WHAT TO WORK ON
With images removed, transcribe each record exactly as it appears.
---*---
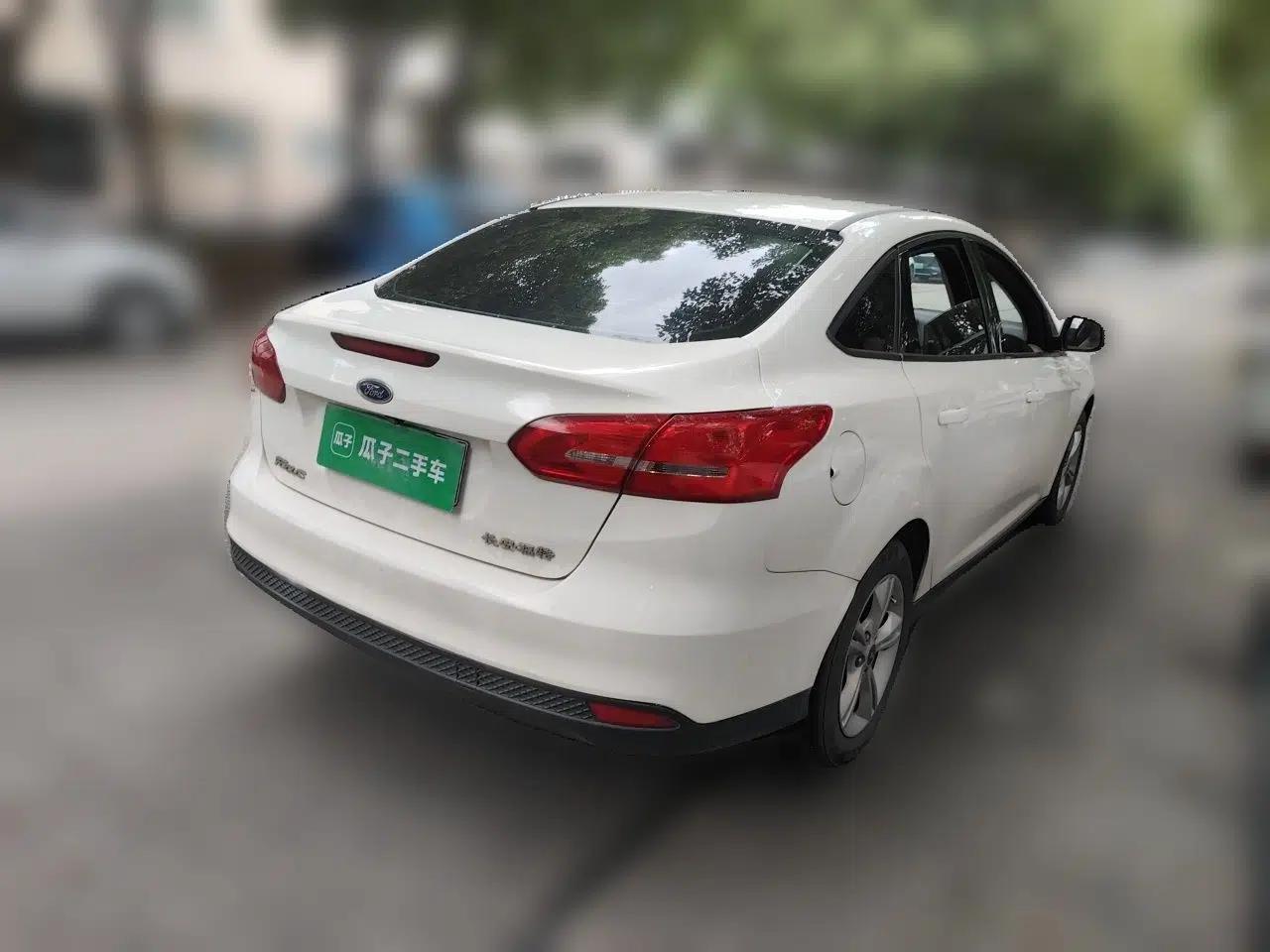 Ford Focus 2017 Sedan 1.6L Manual Comfort Plus SmartDrive Edition — миниатюра 6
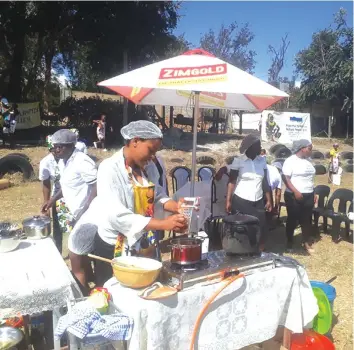  ??  ?? Woman learns some cooking recipes during the “Pachedu Vasikana: Ngokwethu Mankazana” event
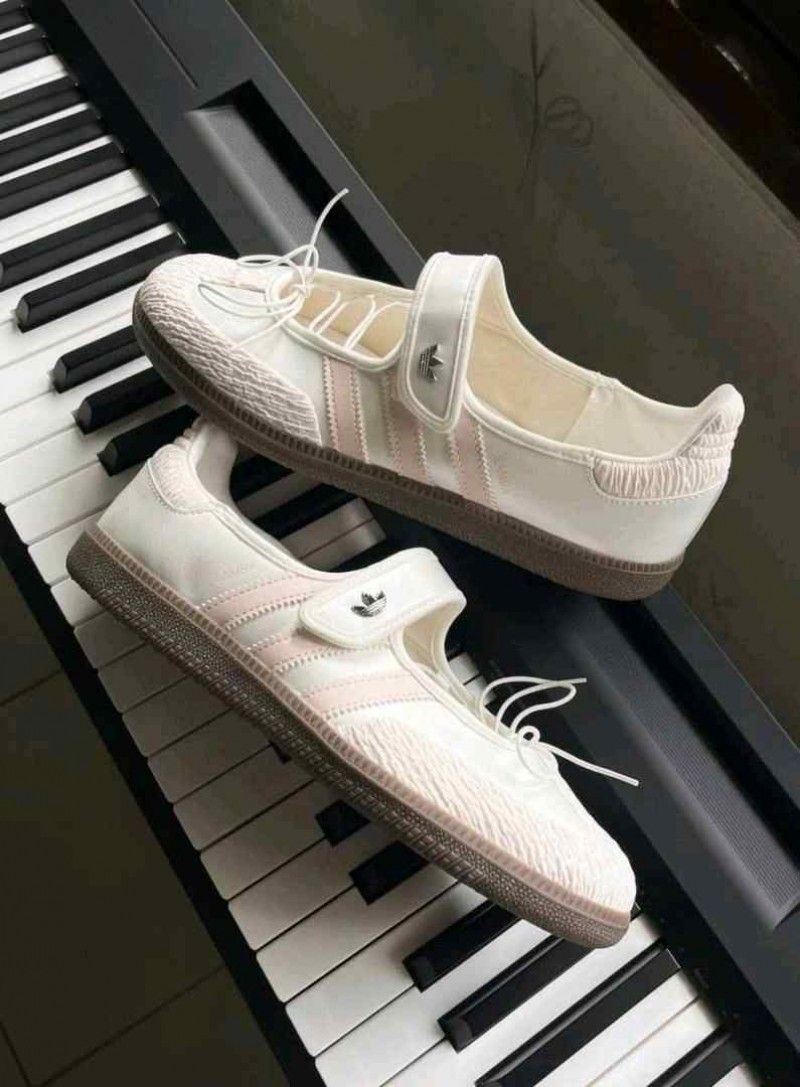 ADIDAASs SAMBA JANE CLOUD WHITE PINK for her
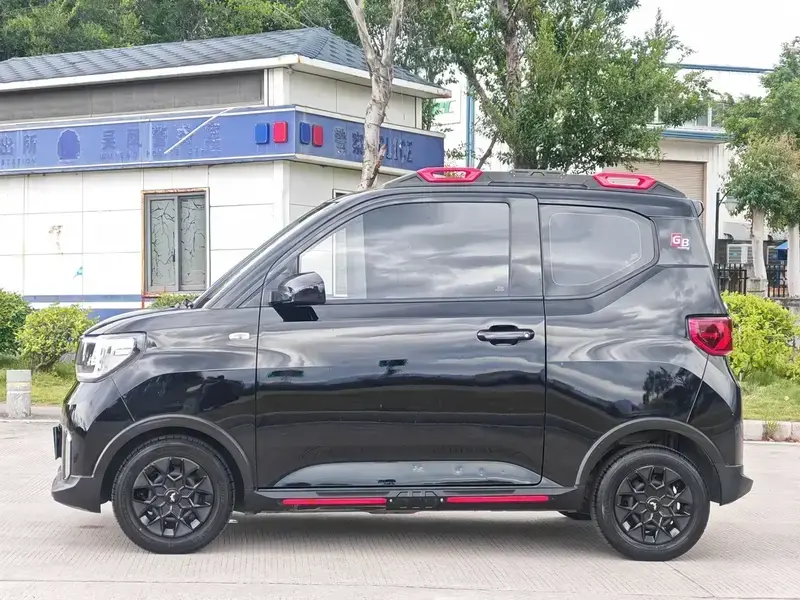 2022 Wuling Mini EV с пробегом 54 000 км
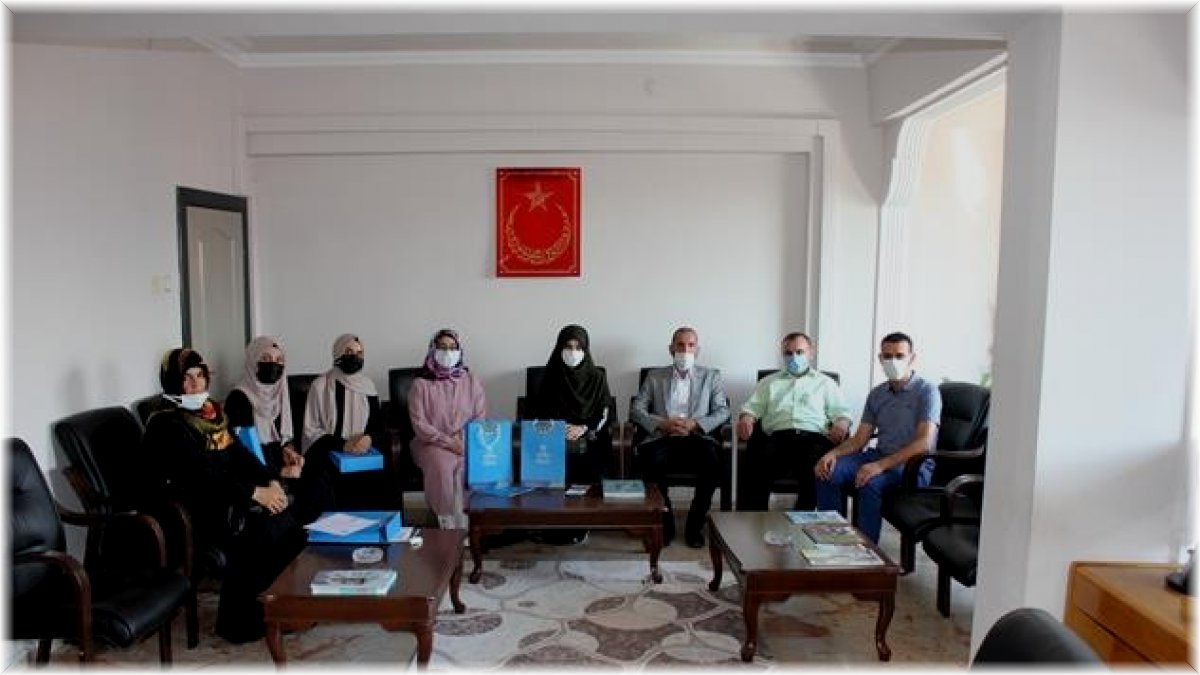 İlahiyat Fakültesi son sınıf stajyer öğrencileri katılım belgelerini aldılar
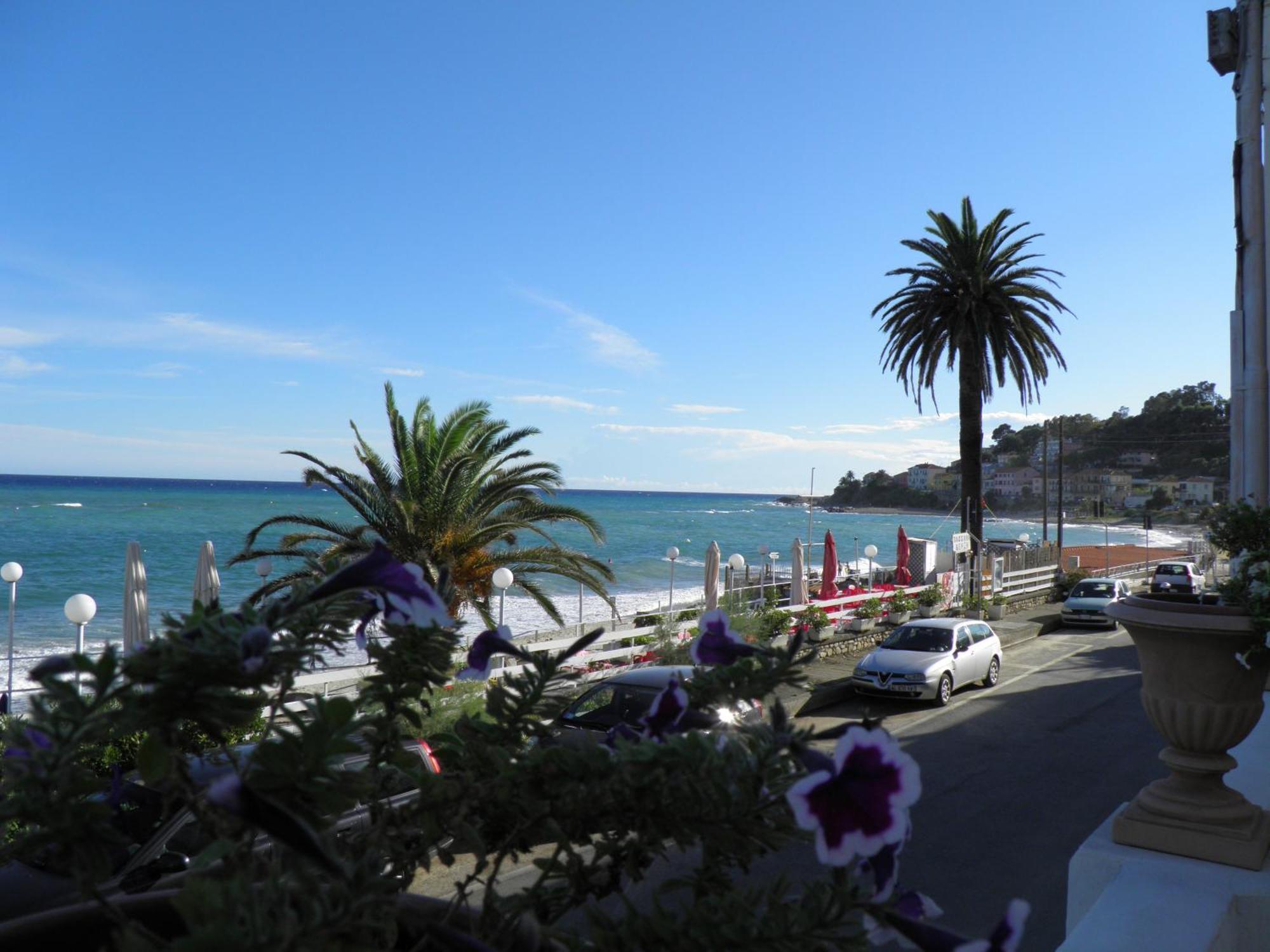 Blue Beach Bussana Zewnętrze zdjęcie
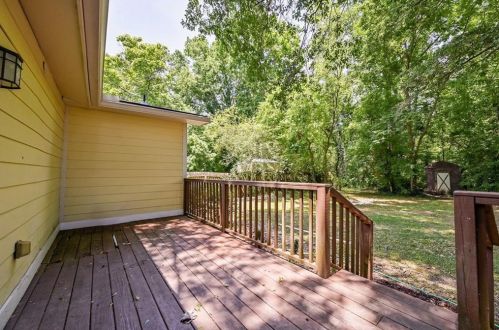 1971 Main St, Atlanta GA 30318-1851 exterior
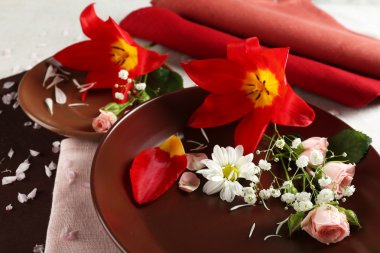 sofra masaya çiçek ile yakın çekim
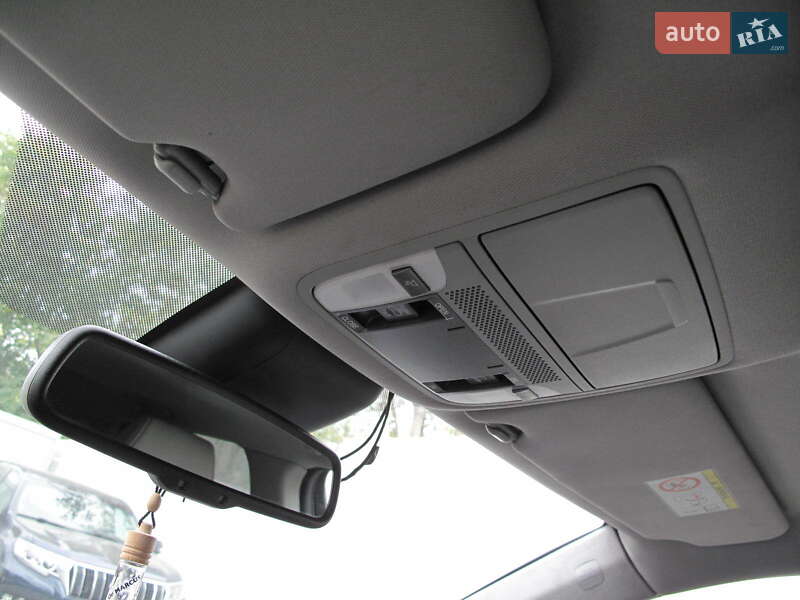 Внедорожник / Кроссовер Acura MDX 2014 в Киеве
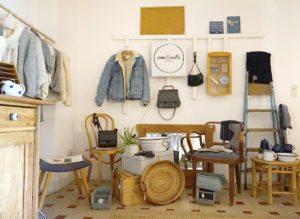 nachhaltige Inneneinrichtung zum Thema Blau/Holz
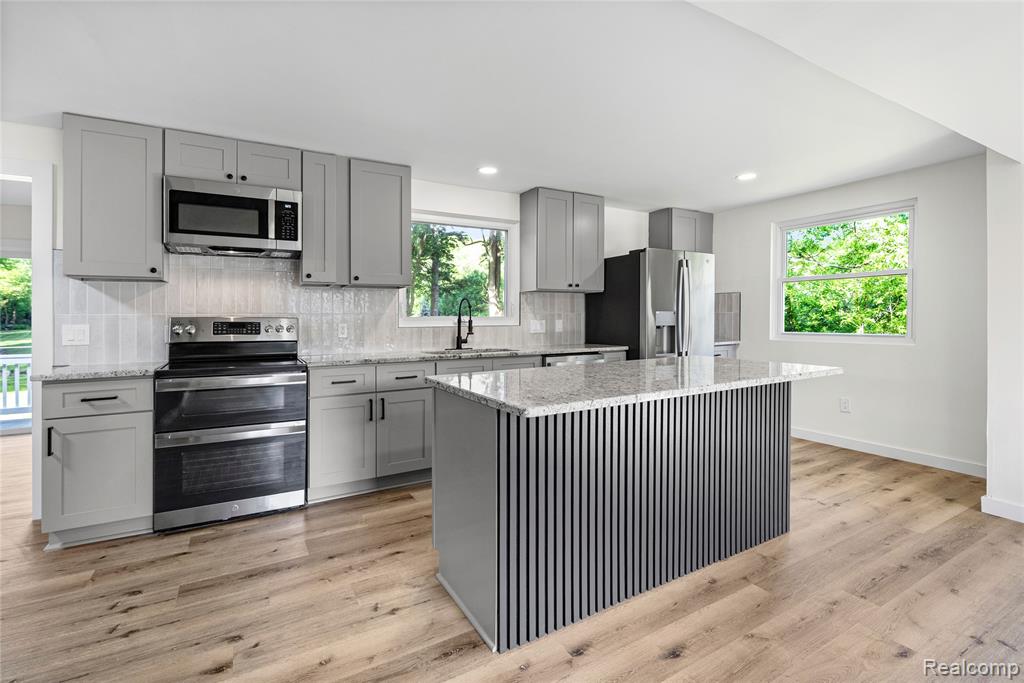 1460 West Silverbell Road Lake Orion, MI 48359 - Photo 26 of 69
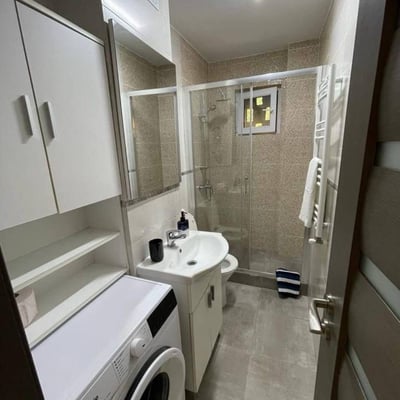 Alquiler de un espacioso apartamento de 3 habitaciones, 75 m², Tomis Nord, Constanza, Rumanía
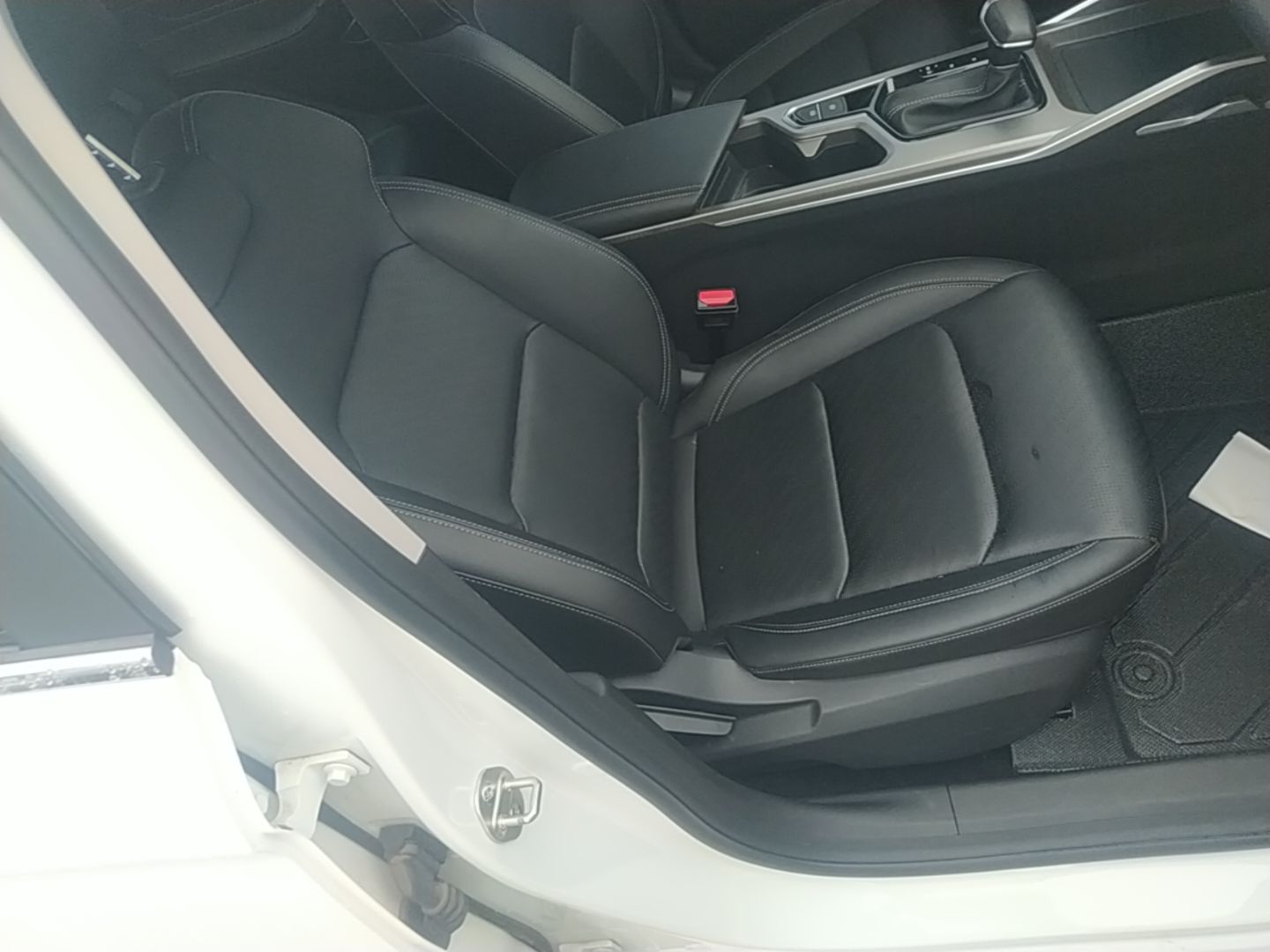 Geely Auto Emgrand 2022 4th Generation 1.5L CVT Luxury Model - Premium — снимка 19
---*---
REPLY
 Ford Focus 2017 Sedan 1.6L Manual Comfort Plus SmartDrive Edition — миниатюра 6
  ??  ?? Woman learns some cooking recipes during the “Pachedu Vasikana: Ngokwethu Mankazana” event
 ADIDAASs SAMBA JANE CLOUD WHITE PINK for her
 2022 Wuling Mini EV с пробегом 54 000 км
 İlahiyat Fakültesi son sınıf stajyer öğrencileri katılım belgelerini aldılar
 Blue Beach Bussana Zewnętrze zdjęcie
 1971 Main St, Atlanta GA 30318-1851 exterior
 sofra masaya çiçek ile yakın çekim
 Внедорожник / Кроссовер Acura MDX 2014 в Киеве
 nachhaltige Inneneinrichtung zum Thema Blau/Holz
 1460 West Silverbell Road Lake Orion, MI 48359 - Photo 26 of 69
 Alquiler de un espacioso apartamento de 3 habitaciones, 75 m², Tomis Nord, Constanza, Rumanía
 Geely Auto Emgrand 2022 4th Generation 1.5L CVT Luxury Model - Premium — снимка 19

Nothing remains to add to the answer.